Google tests Remy, a Gemini AI personal agent
Google is testing Remy, a Gemini AI agent that acts for users in a staff-only trial, prompting questions about data access, memory controls and approval flows.
Google is running a staff-only trial of Remy, a new Gemini AI personal agent that can act on users’ behalf, according to internal documents and interviews with two employees. The trial is limited to employees testing the tool before any public release. A Google spokesperson declined to comment. The company has not disclosed a timeline for wider availability or which services are included in the employee test.
Internal materials describe Remy as a ’24/7 personal agent’ built to perform tasks across Google services, monitor items relevant to users and learn individual preferences. The project is presented as a further step beyond Gemini’s chat responses and existing agent features, such as Agent Mode, by allowing the assistant to take actions on behalf of a user rather than only offering suggestions.

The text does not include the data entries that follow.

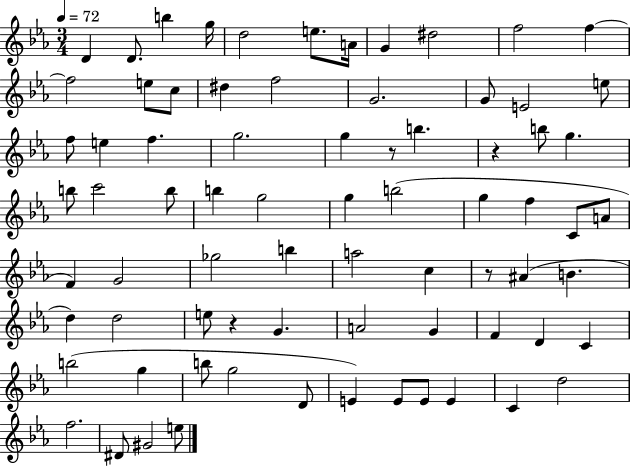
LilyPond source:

{
  \clef treble
  \numericTimeSignature
  \time 3/4
  \key ees \major
  \tempo 4 = 72
  d'4 d'8. b''4 g''16 | d''2 e''8. a'16 | g'4 dis''2 | f''2 f''4~~ | \break f''2 e''8 c''8 | dis''4 f''2 | g'2. | g'8 e'2 e''8 | \break f''8 e''4 f''4. | g''2. | g''4 r8 b''4. | r4 b''8 g''4. | \break b''8 c'''2 b''8 | b''4 g''2 | g''4 b''2( | g''4 f''4 c'8 a'8 | \break f'4) g'2 | ges''2 b''4 | a''2 c''4 | r8 ais'4( b'4. | \break d''4) d''2 | e''8 r4 g'4. | a'2 g'4 | f'4 d'4 c'4 | \break b''2( g''4 | b''8 g''2 d'8 | e'4) e'8 e'8 e'4 | c'4 d''2 | \break f''2. | dis'8 gis'2 e''8 | \bar "|."
}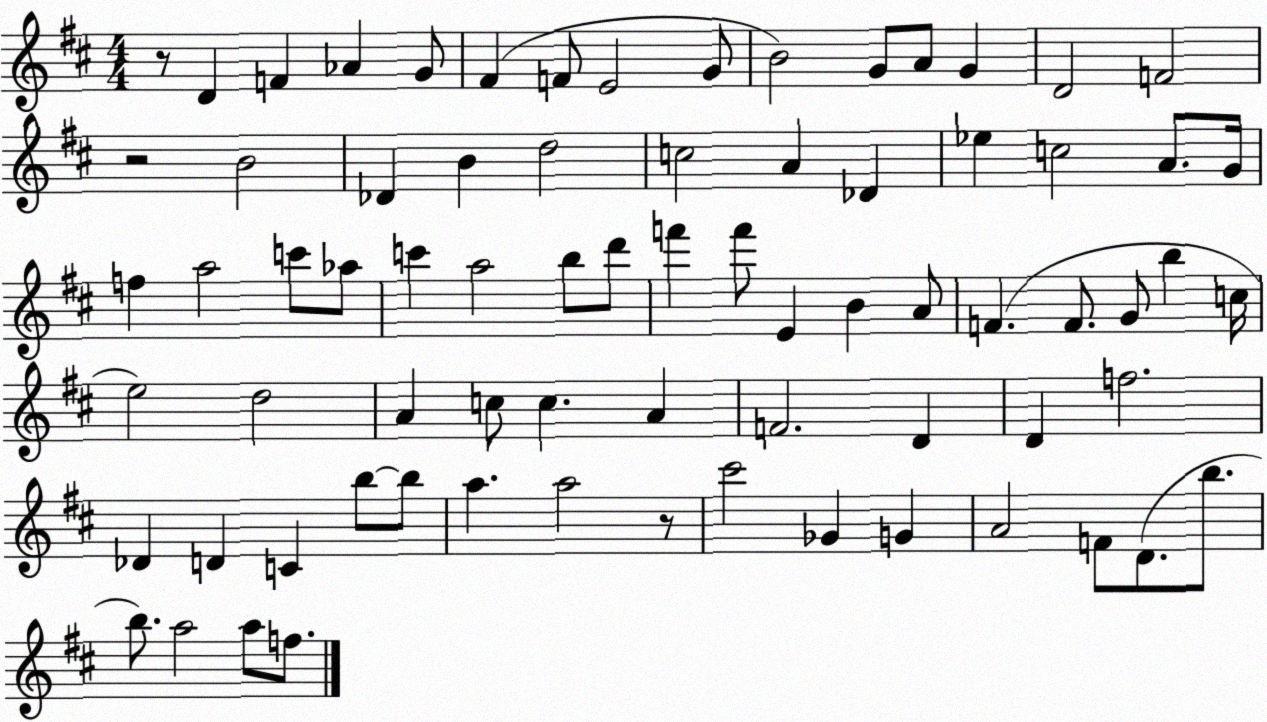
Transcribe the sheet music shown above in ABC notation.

X:1
T:Untitled
M:4/4
L:1/4
K:D
z/2 D F _A G/2 ^F F/2 E2 G/2 B2 G/2 A/2 G D2 F2 z2 B2 _D B d2 c2 A _D _e c2 A/2 G/4 f a2 c'/2 _a/2 c' a2 b/2 d'/2 f' f'/2 E B A/2 F F/2 G/2 b c/4 e2 d2 A c/2 c A F2 D D f2 _D D C b/2 b/2 a a2 z/2 ^c'2 _G G A2 F/2 D/2 b/2 b/2 a2 a/2 f/2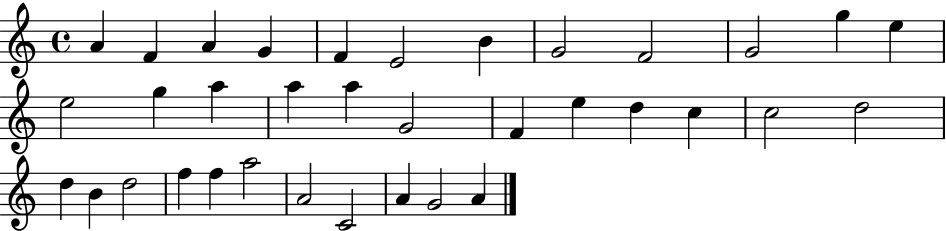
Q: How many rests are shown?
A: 0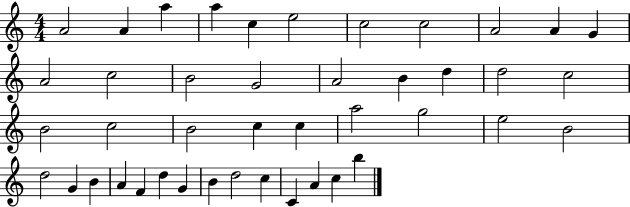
{
  \clef treble
  \numericTimeSignature
  \time 4/4
  \key c \major
  a'2 a'4 a''4 | a''4 c''4 e''2 | c''2 c''2 | a'2 a'4 g'4 | \break a'2 c''2 | b'2 g'2 | a'2 b'4 d''4 | d''2 c''2 | \break b'2 c''2 | b'2 c''4 c''4 | a''2 g''2 | e''2 b'2 | \break d''2 g'4 b'4 | a'4 f'4 d''4 g'4 | b'4 d''2 c''4 | c'4 a'4 c''4 b''4 | \break \bar "|."
}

Google’s public documentation for Gemini lists the apps and services an agent can connect to. That connected-app surface includes Gmail, Calendar, Docs, Drive, Keep and Tasks in Google Workspace, plus GitHub, Spotify, YouTube Music, Google Photos, WhatsApp, Google Home and Android utilities. Those connections are the mechanism through which an agent like Remy would access information and carry out actions.
Gemini’s Privacy Hub provides tools for reviewing and deleting Gemini Apps Activity, setting auto-delete preferences and choosing whether data can be used to improve Google AI. It also includes controls for which apps and data Gemini can access and for managing information users ask Gemini to save. Remy’s reported ability to learn preferences and store memories focuses attention on how those controls will be presented and enforced for actions taken automatically.
Google’s documentation describes different levels of agent actions, from reading information in Workspace apps to creating calendar events, sending messages, launching apps and controlling smart-home devices. The internal reports do not specify whether Remy will require user confirmation for each action, what approval workflows will look like, or how completed actions will be logged and audited. Technical details such as the model version behind Remy and the degree of autonomy being tested were not disclosed.
Guidance from Google Research and Google Cloud emphasizes that AI agents should operate under defined human controllers, use limited privileges, keep actions observable and maintain transparent, auditable logs. Those recommended principles relate to the open questions around permissions, oversight and logging for an agent that can act across connected services.
The project’s dog-fooding status indicates initial testing is limited to Google employees. Google has not provided further details about data handling, memory controls, approval mechanisms or the scope of Remy’s autonomy.